Sir Robert William Perks, 1st Baronet (24 April 1849 – 30 November 1934) was a British Liberal politician, lawyer, financier, and company director.

He was the son of George Thomas Perks (1819–1877), a Wesleyan Methodist preacher (who served as minister of Wesley's Chapel from 1862 to 1865, and was elected president of the Wesleyan Methodist Conference in 1873). Robert W. Perks was educated at Kingswood School (1858–65), then at a private school in Clapham run by Henry Jefferson (former head of Kingswood), and at King's College London (1866–71). He was awarded a number of prestigious prizes at the Kings College prize-ceremonies of July 1867 and July 1868 and passed the Matriculation Examination for entry to London University held in June 1869. He passed the intermediary (also known as "first") examinations for his University of London B.A. in 1870 but never completed that degree. In March 1916 he was appointed a Fellow of King`s College.

He sat the examinations to enter the Indian Civil Service in 1867, 1868 and 1869, unsuccessfully in each case. Shortly after a fourth failed attempt he was articled to a firm of London lawyers in 1870. A key mentor behind his decision to embark on his path into the legal profession was Sir Francis Lycett, a friend and neighbour of George Thomas Perks, and one of the highest profile Wesleyan laymen of this period. Perks qualified as a solicitor in April 1875. He then became a partner in the legal practice of Henry Fowler, 1st Viscount Wolverhampton. Fowler, who was also a high profile Wesleyan layman of this period, and related by marriage to the Perks family, had offered Perks employment in his large Wolverhampton-based practice, but Perks succeeded in persuading him to establish a second legal business in "spacious offices" in the City of London (at 147 Leadenhall Street).

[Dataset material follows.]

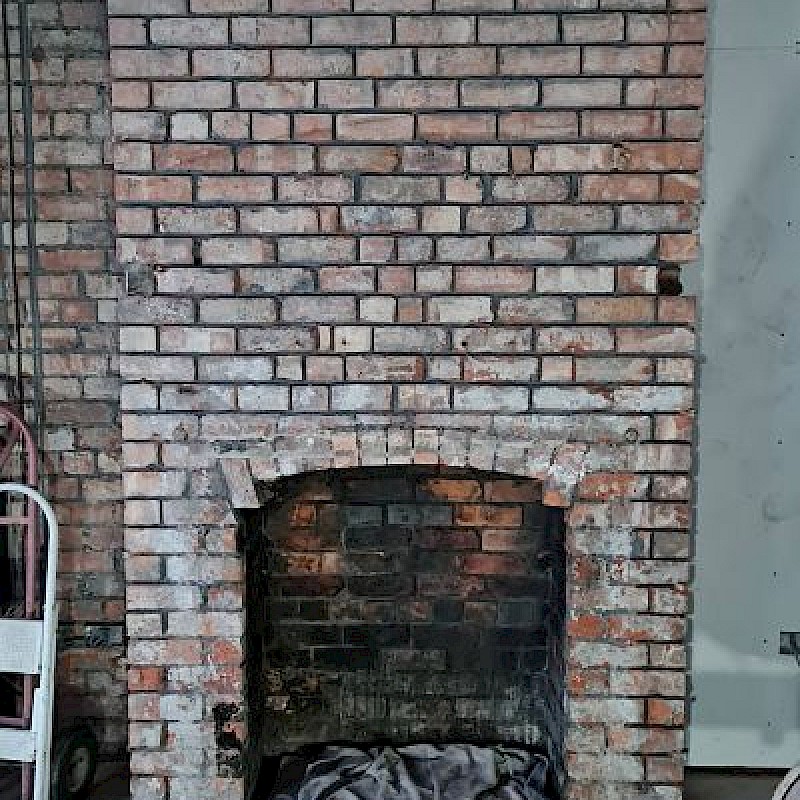 Before sandblasting brick fireplace.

Initially this new practice was titled "Corser, Fowler and Perks". When Fowler`s Wolverhampton-based partner Charles Corser retired in December 1878, this was simplified to "Fowler and Perks" One of the practice`s earliest clients was a second cousin of Perks`s father: George Perks of Perry Barr, Birmingham and Llandudno (1824-1892). In July 1875 George was described as being "the principal mover" in the scheme to equip Llandudno with a "Grand Promenade Pier", assisted by R.W. Perks of "Messrs. Corser, Fowler, and Perks". The only-recently-qualified R.W. Perks registered a limited liability company to take carriage of the scheme, organized the issuance of a prospectus by that company, and navigated the scheme through the Parliamentary process required for the Pier`s authorization. His work on the Llandudno Pier scheme led to Perks being commissioned for other work in North Wales including managing the negotiations required for the promotion and passage of the two Conway Bridge Acts of 1878. These Acts took the Conway Suspension Bridge out of ownership by the British central government and put it into the hands of a local body of bridge commissioners, thus allowing for substantial reductions in the tolls charged for using the bridge. His success with this project led to Perks being commissioned for his first ventures into the organizing of financial arrangements for the building of new railways.

In March 1878 Perks was elected an Associate of the Institution of Civil Engineers. Among the sponsors of his nomination were the engineers for the Llandudno Pier project (James Brunlees and Alexander McKerrow) and John Dixon, the contractor responsible for that project.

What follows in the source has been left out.